Ancien paysan devenu homme à tout faire à la ville, Li Zhuqing était sur le point de craquer : « Je suis trop fatigué, je ne peux plus continuer » a-t-il confié au journaliste du Matin de Xiaojiang. » L’histoire est presque biblique. Monsieur Li allait renoncer quand, au matin du 7ème jour, le guichetier de la gare routière a fini par lui accorder des billets pour le Hunan pour lui, son épouse et son frère. Un miracle. L’homme précise qu’il n’avait fait qu’une journée de queue l’an passé avant d’obtenir les précieux sésames

« 10 000 pâturages »

Après avoir conduit les Chinois a se passer du lait de soja et amené des vaches laitières de Mongolie intérieure jusqu’en Chine pour satisfaire au nouveaux goût des consommateurs, la mondialisation a surtout conduit au scandale du lait contaminé qui a profondément marqué l’opinion chinoise. Pour tenter de sécuriser la production de lait, le gouvernement entend soutenir financièrement le secteur, indique le Shidai Zhoubao. Le slogan des « 10 000 pâturages » est à la mode. C’est ce que certaines gazettes ont résumé par le « grand bond en avant » de l’industrie laitière.

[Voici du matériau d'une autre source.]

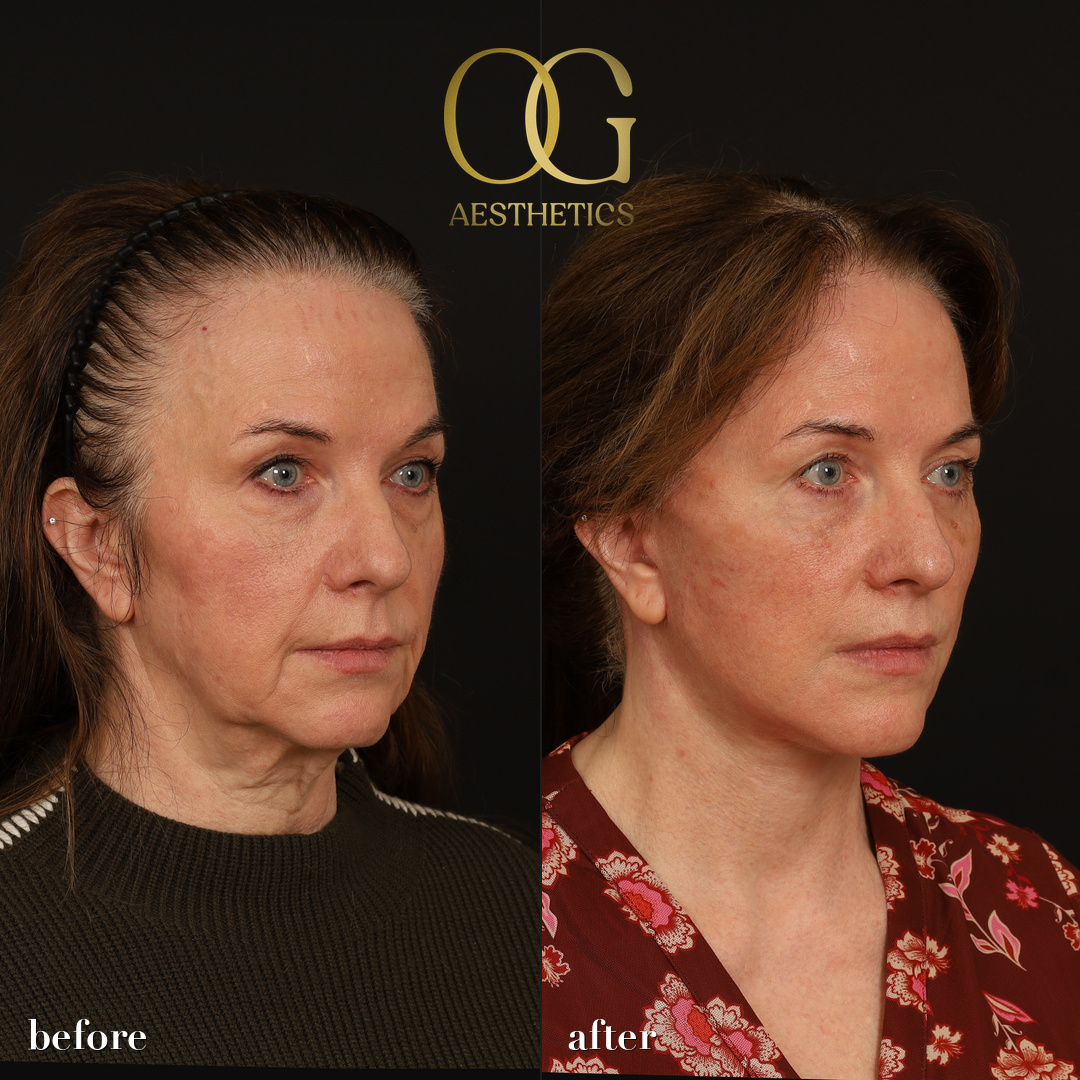 Facelift Before & After Gallery - Patient 330678 - Image 3
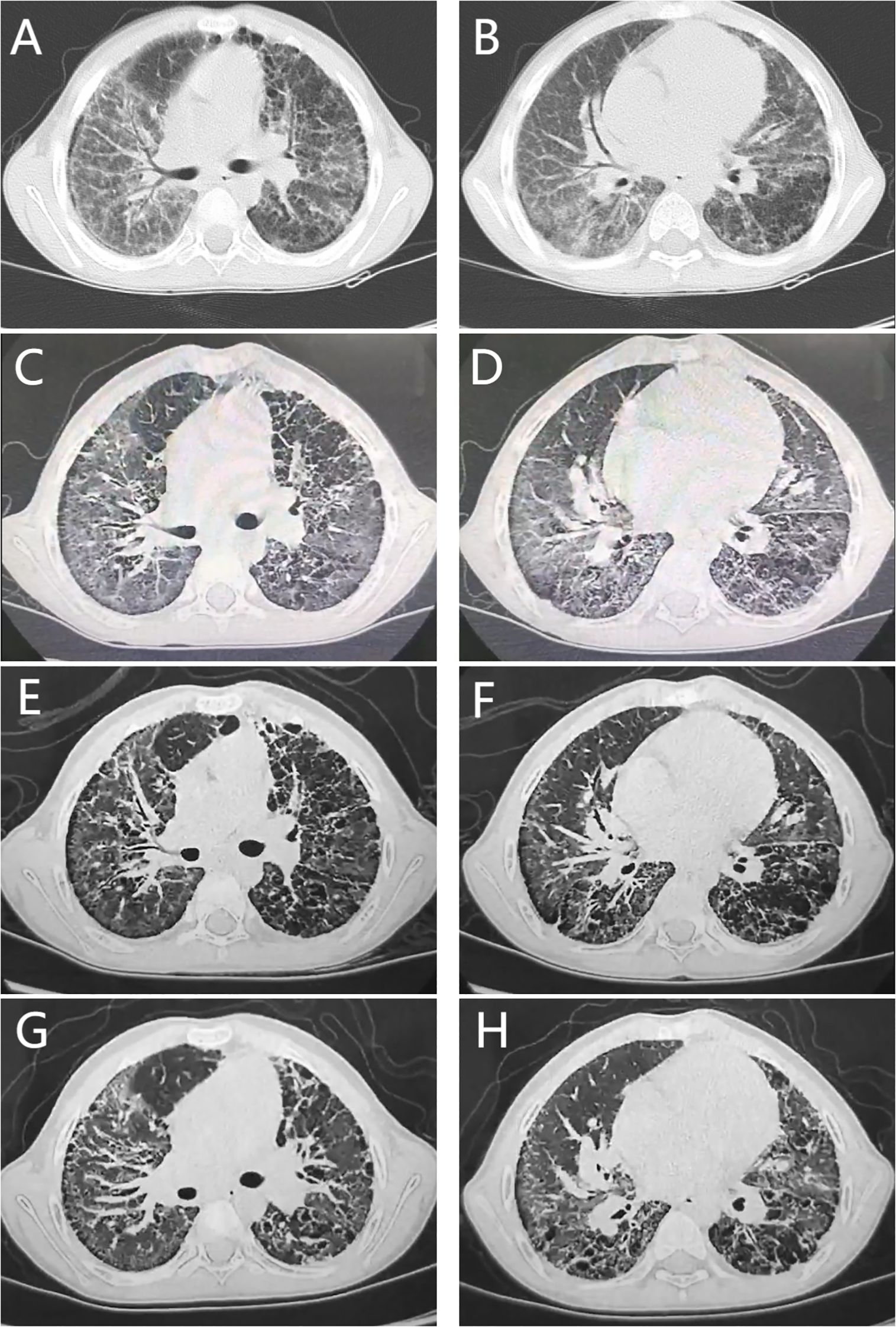 Two CT images were selected at each of four critical time points to reflect changes across multiple lung lobes at each stage of treatment. Panel A and B: before initiation of tofacitinib; Panel C and D: 1 year after tofacitinib; Panel E and F: 2 months after ruxolitinib; Panel G and H: 1 year after ruxolitinib.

Le groupe Modern Farming en Mongolie intérieure (Chine) possède déjà 16 pâturages. Il compte passer à 30 d’ici à 2015 avec 260 000 vaches produisant 3 000 tonnes de lait par jour. Certains spécialistes, cités par le journal, sont inquiets : « C’est dangereux de passer directement de petites superficies à de très grandes superficies. Des contaminations de type vache folle ou fièvre aphteuse seraient catastrophiques. »

D’autres géants de l’agroalimentaire seraient aussi sur le coup. Nestlé notamment, qui a signé hier un accord de coopération avec la ville de Shuangcheng dans la province du Heilongjiang, dans le nord-est de la Chine. Nestlé compte investir 2,5 milliards de yuans dans un centre d’élevage de vaches laitières, explique le Jinghuashibao.

Serial cogneur

Li Mouhua a été arrêté le 7 janvier à Shenzhen et sa confession est effrayante. Depuis 2008, l’homme a attaqué au moins 7 prostituées à coup de marteau dans trois villes de la côte-est précise le Guangzhouribao. Li a tenté de justifier ses actes en expliquant aux enquêteurs qu’il souhaitait « nettoyer le marché du travail » rapporte le quotidien de Canton. « Il faut que tout le monde travaille avec ses mains et non avec son corps (…) des hommes mariés et des adolescents ne travaillent plus normalement à cause des prostituées », aurait ajouté le « serial cogneur » souffrant visiblement de troubles psychiatriques.